Industry 4.0 is revolutionizing chemical manufacturing. Today's chemical companies are swiftly embracing the digital era, recognizing the significant benefits of interconnected products, production equipment, and personnel. As technology advances and production volumes grow, there is an increasing need for new computational tools and innovative solutions to address everyday challenges. AI in Chemical Engineering: Unlocking the Power Within Data introduces readers to the essential concepts of machine learning and their application in the chemical and process industries, aiming to enhance efficiency, adaptability, and profitability. This work delves into the transformation of traditional plant operations into integrated and intelligent systems, providing readers with a foundation for developing and understanding the tools necessary for data collection and analysis, thereby gaining valuable insights and practical applications.
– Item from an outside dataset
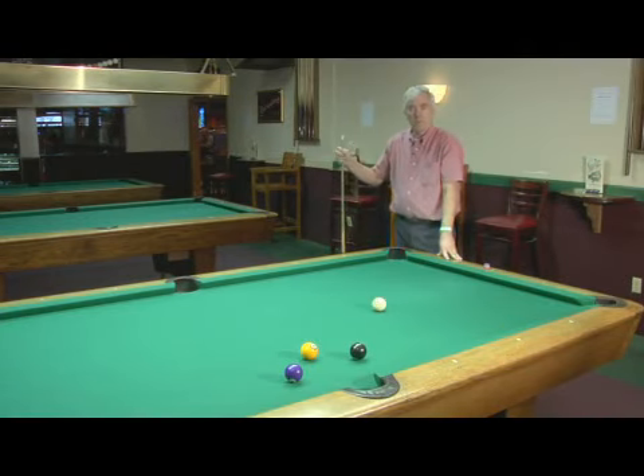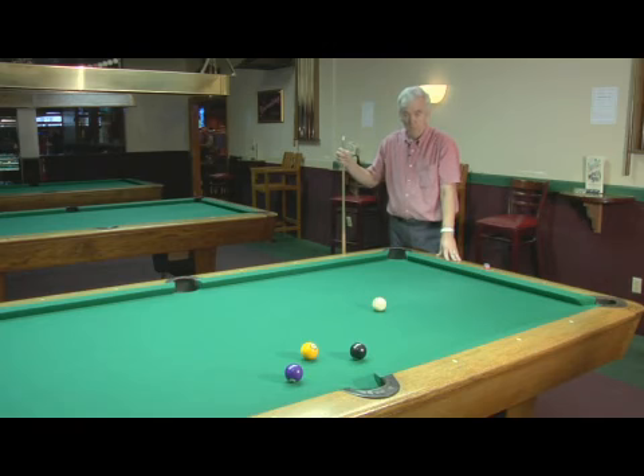Hi, my name's Joe. I'm at Break Time Billiards in Wilmington, North Carolina. And today I'm just going to show you a small practice drill that you can use to try to learn to control your draw stroke a little better.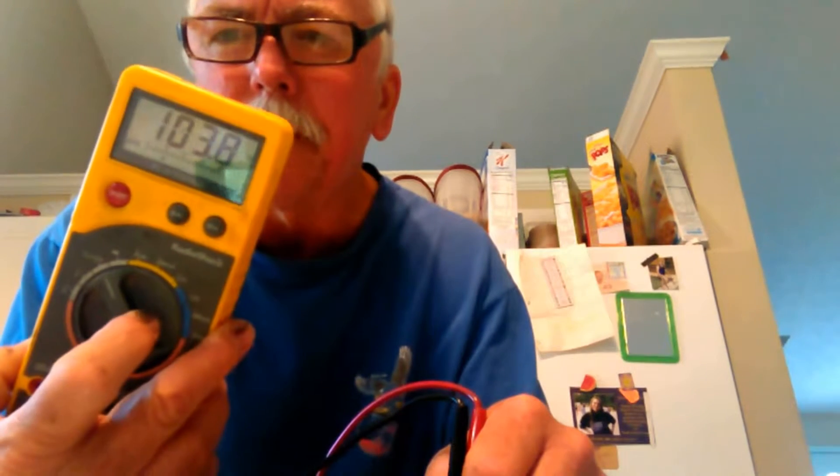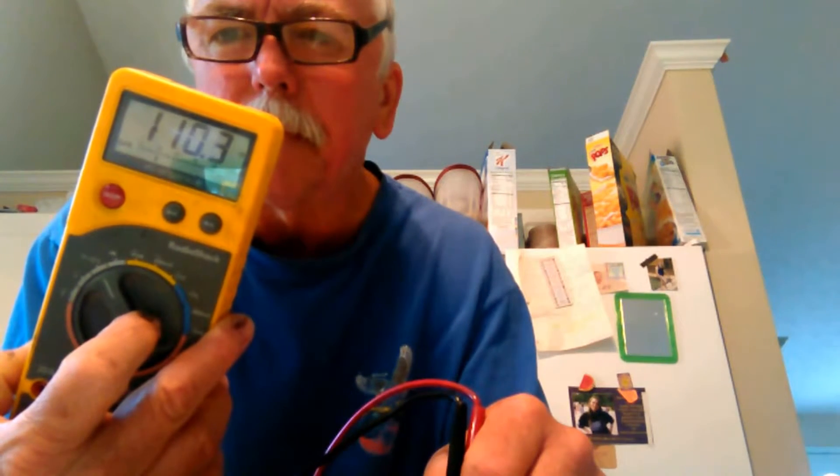This is difficult to do — that's about one inch apart. That's about 100k ohms. Now I'm going to try another piece, just lay the probes in there on some powder.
  • Introduces the principles and applications of unsupervised learning and discusses the role of machine learning in extracting information from plant data and transforming it into knowledge

  • Conveys the concepts, principles, and applications of supervised learning, setting the stage for developing advanced monitoring systems, complex predictive models, and advanced computer vision applications

  • Explores implementation of reinforced learning ideas for chemical process control and optimization, investigating various model structures and discussing their practical implementation in both simulation and experimental units

  • Incorporates sample code examples in Python to illustrate key concepts

  • Includes real-life case studies in the context of chemical engineering and covers a wide variety of chemical engineering applications from oil and gas to bioengineering and electrochemistry

  • Clearly defines types of problems in chemical engineering subject to AI solutions and relates them to subfields of AI

This practical text, designed for advanced chemical engineering students and industry practitioners, introduces concepts and theories in a logical and sequential manner. It serves as an essential resource, helping readers understand both current and emerging developments in this important and evolving field.

Table of Contents:

1. Smart Manufacturing and Machine Learning.  2. Data and Data Pretreatment.  3. Dimensionality Reduction (DR).  4. Clustering.  5. Unsupervised Learning Case Study.  6. Concepts and Definitions.  7. Predictive Models.  8. Supervised Learning Case Studies.  9. Deep Learning.  10. Deep Learning Case Studies.  11. Reinforcement Learning.  12. Reinforcement Learning Case Studies.  13. Generative AI.  Appendix A. FASTMAN-JMP Tool Architecture.  Appendix B. Tennessee Eastman Process (TEP).  Appendix C. High-Temperature PEM Fuel Cell Modelling.  Appendix D. Distance Metrics for Clustering.